Sandboxing Code in the Era of Containers

Guest post by Tomasz Janczuk, Engineer, Auth0

Every application is different. When creating a product aimed at developers, extensibility is a key aspect to take into account. Allowing custom code to be run on a user’s behalf is a neat way to accomplish that extensibility. However, as an operator of such a system you have limited control over that custom code. You must assume it is not always well behaved. To maintain integrity of the data, the code of individual users, and the overall system, you must run custom code in an isolated environment. A sandbox provides such an environment. This is a story of how we have built one at Auth0. We called our sandboxing technology Auth0 Webtasks.

What is Auth0 About?

Auth0 was founded to make identity management as simple and approachable to developers as sending SMS messages with Twilio or accepting payments through Stripe. Security in general and identity management in particular have always been complex areas. While authentication is a necessary aspect of any application of value, it is rarely part of the core value proposition of an application. By allowing authentication and authorization to be simply and quickly integrated with any app, Auth0 assumes the tax of identity management and allows developers to spend more time on the core aspects of the application logic.

Auth0 offers authentication as a service. Auth0 acts as a broker between a client application and several supported social (Facebook, Twitter, Github, etc.) and enterprise (LDAP, AD, WAAD, etc.) identity providers. Auth0 normalizes the wire protocol as well as enables single sign-on. It greatly simplifies securing applications by providing developers with reasonable defaults for a wide range of declarative controls over the authentication behavior as well as SDKs for the most common platforms and languages.

What Is a Sandbox and Why You May Need One

Flexibility and extensibility are two distinctive features of the Auth0 identity management platform. We allow our subscribers to augment the authentication and authorization pipeline by executing custom code as part of the authentication transaction. For example, you can implement a logic that requires two-factor authentication for login attempts from unusual locations, create a new record in a custom CRM system for all new users, enhance user profiles using external databases, and much more — all by running arbitrary code on our platform.

Like Auth0, many multi-tenant systems that allow extensibility through custom code face the same problem. How do you prevent malicious or just badly written code of one tenant from accessing data of another tenant? How do you prevent code of one tenant from using up an unfair share of computing resources and slowing down or preventing code from other tenants from running?

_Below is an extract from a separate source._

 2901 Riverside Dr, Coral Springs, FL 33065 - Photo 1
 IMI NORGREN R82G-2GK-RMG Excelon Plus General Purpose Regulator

Because we don’t have strict control of what people can do within custom code, we needed a technology solution to safely execute it. It must provide the necessary data isolation and resource utilization guarantees. We evaluated some off-the-shelf alternatives (e.g., node-sandbox), but they either fell short of our isolation expectations or did not fit our execution model. We decided to build our own sandboxing solution, which we called Auth0 Webtasks.

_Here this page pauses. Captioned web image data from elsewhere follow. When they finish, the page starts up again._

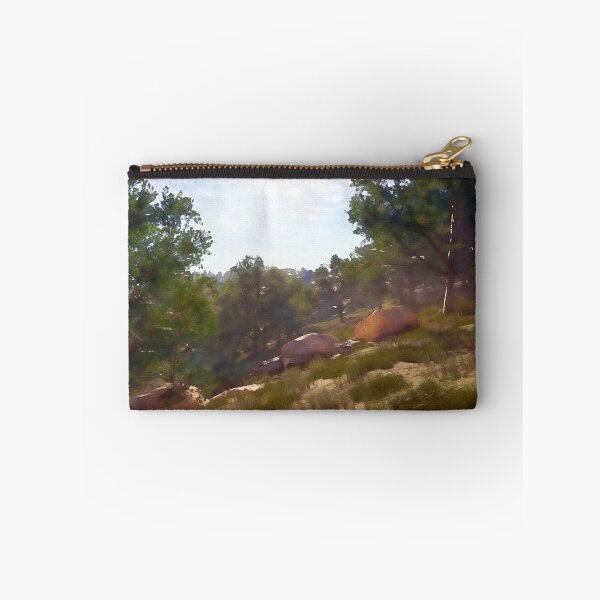 Item preview, Into the Wild designed and sold by AM FineArtPrints.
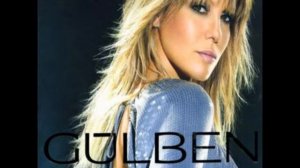 Gülben Ergen-Bay Doğru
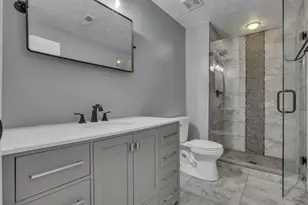 10500 Wallingsford Cir, Centerville, OH 45458 - Photo 37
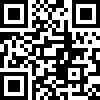 https://ur.hawzahnews.com/xfbP7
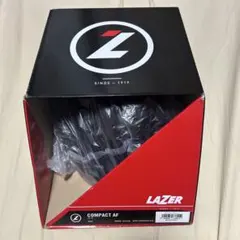 Item thumbnail for item 53aafc37-2fba-4055-b661-fd8ec8206769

A Multi-Tenant SaaS Model for Sandboxing Untrusted Code

All custom code we execute at Auth0 using Auth0 Webtasks runs in the context of an HTTP request. Execution time is limited to the typical lifetime of an HTTP request. Given this basic constraint, the execution model we chose is based on HTTP. The webtask cluster accepts an HTTP POST request with the code to execute in the request body. The request also specifies the webtask container name, which denotes the isolation boundary the code will execute in. In the case of Auth0, we map Auth0 customers 1:1 onto webtask containers, which means the code of one Auth0 subscriber is always isolated from the code of another subscriber. The webtask cluster executes the custom code in an isolated environment we call a webtask container, and sends back a JSON response with the results. HTTP post request diagram

One key implication of this model is that custom code executes in a uniform environment across all tenants. Custom code of different users can leverage only a single set of capabilities and modules; the list of installed modules or software cannot vary on a per-tenant basis. This implies that a webtask request must include all necessary code as well as contextual data required during its execution. The upside of the uniform execution environment is that it enables specific performance optimizations in the implementation of the system. The downside is that does not have as much flexibility as platforms that provide full control over the installed software on a per-tenant basis.

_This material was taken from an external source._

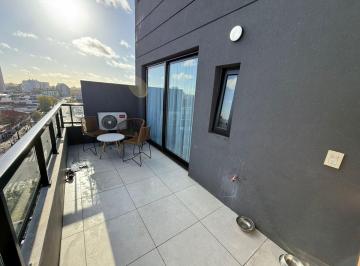 Departamento · 60m² · 3 Ambientes · 1 Cochera · Venta Dto Mataderos 3 Amb. Cochera Permuta!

The webtask programming model is simple. The caller submits a JavaScript function closure. The webtask cluster invokes that function and provides a single callback parameter. When the custom code has finished executing, it calls the callback and provides an error or a single result value. That value is then serialized as JSON and returned to the caller in the HTTP response.

return function (cb) {
    cb(null, “Hello, world”);
}

The webtask runtime is based on Node.js. It allows custom code to utilize a fixed set of Node.js modules pre-provisioned in the webtask environment. The set of supported modules is dictated by the specific requirements of the Auth0 extensibility scenarios. While the set of modules is easily modified, it remains uniform across all tenants in the multi-tenant webtask cluster deployment. This uniformity allows us to keep a pool of pre-warmed webtask containers ready to be assigned to tenants when a request arrives. This greatly reduces the cold startup latency.

Webtask Isolation and Assurances

A multi-tenant system that executes untrusted code must provide many assurances for secure code execution. First and foremost is data isolation. This means code of one tenant should be prevented from accessing code or data of another tenant. For example, if one tenant is running code that accesses a custom database using a connection string or URL with an embedded password, code of another tenant running in the same system should be unable to discover that password.

Second to preventing data disclosure or tampering is ensuring fair resource consumption to mitigate authenticated DOS attacks. To achieve this, the sandbox must limit the amount of memory, CPU, and other system resources any one tenant can use.

Solutions that Did Not Meet Our Requirements

Before we decided on a sandbox solution, we explored many existing options. First, we looked at node-sandbox as a way of sandboxing the execution of Node.js code using a process-level isolation boundary. While it is conveniently integrated with Node.js, which the rest of our platform uses, it falls short on meeting our isolation requirements. The module provides only a basic level of isolation between JavaScript code running in different processes. Out of the box, the solution does not support any OS-level isolation mechanisms for processes. We also did not like the added latency of creating a new Node.js process for every request to evaluate custom code.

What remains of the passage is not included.